Die spanische Außenstürmerin Olga Carmona will mit ihrem Team bei der EM weit kommen.

Spaniens Fußball-Nationalteam ist der große EM-Favorit. Doch der Fokus liegt nicht nur auf dem Sportlichen. Eine Spielerin, die gar nicht dabei ist, spielt dabei eine Hauptrolle.

Jennifer Hermoso ist gar nicht dabei - und doch begleitet der Kuss-Skandal die spanischen Fußballerinnen bei ihrer EM-Titelmission in der Schweiz. Beim ersten großen Turnier seit dem WM-Eklat sind die Folgen noch immer zu spüren, die Aufarbeitung ist noch immer nicht komplett abgeschlossen. Dass die aus dem Nationalteam ausgebootete Hermoso verbal gegen Trainerin Montserrat Tomé nachtritt, sorgt für zusätzliche Unruhe. Rein sportlich gesehen ist Weltmeister Spanien aber der große Favorit auf den Titel.

Tomé solle sich „darauf konzentrieren, Spanien zum Europameister zu machen“, schrieb Hermoso bei der Plattform X, auch wenn die Spielerinnen „das alleine schaffen können, wahrscheinlich sogar noch besser“. Die spanische Rekordtorschützin hat es offensichtlich noch nicht verkraftet, für die EM nicht nominiert worden zu sein.
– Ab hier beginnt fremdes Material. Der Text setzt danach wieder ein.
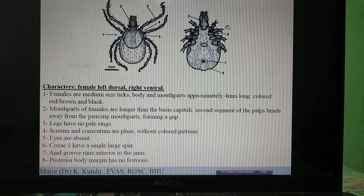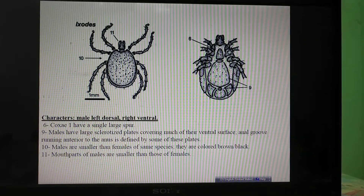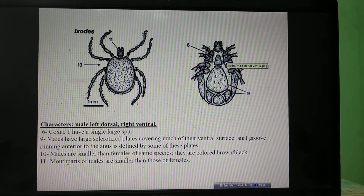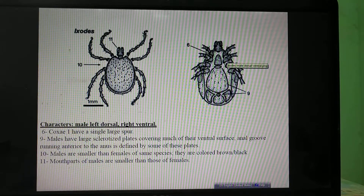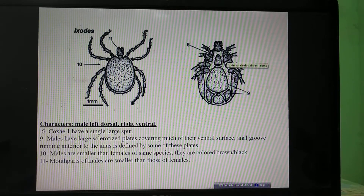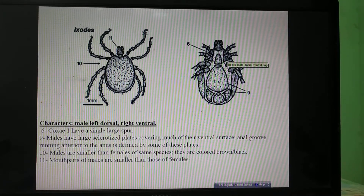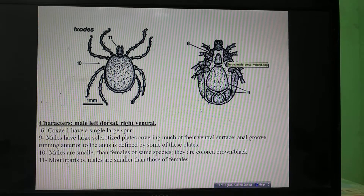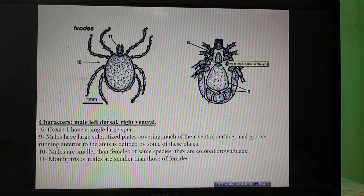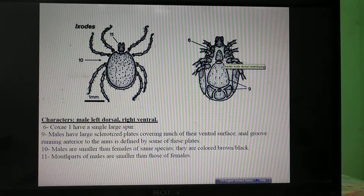There is also a large spur on the first coxa. To revise: the most important character of Ixodes is that the anal groove is anterior to the anus. In males, the entire ventral surface is covered with thick sclerotized cuticular plates. The first coxa has a single strong spur.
Die 35 Jahre alte Hermoso steht aktuell in Mexiko bei Club Tigres unter Vertrag und gilt seit dem Vorfall bei der WM 2023 in Australien als eine der bekanntesten Fußballerinnen der Welt. Bei der Siegerehrung nach dem Finale hatte ihr der damalige spanische Verbandspräsident Luis Rubiales auf den Mund geküsst. Hermoso stellte Strafanzeige gegen den Funktionär, der Kuss sei ihr ohne Einverständnis aufgezwungen worden.

Nationaltrainerin: Gegen Hermoso sprechen rein sportliche Gründe

Im Februar sprach ein spanisches Gericht Rubiales der sexuellen Aggression schuldig. Mit einer Berufung ist er nun gescheitert, doch auch gegen diese zweite Entscheidung will der 47-Jährige Rechtsmittel einlegen. Rubiales verlor seinen Posten, wurde vom Fußball-Weltverband FIFA für drei Jahre gesperrt und zu einer Geldstrafe verurteilt. Der Fall wurde international zum Symbol für den Kampf gegen Sexismus im Sport.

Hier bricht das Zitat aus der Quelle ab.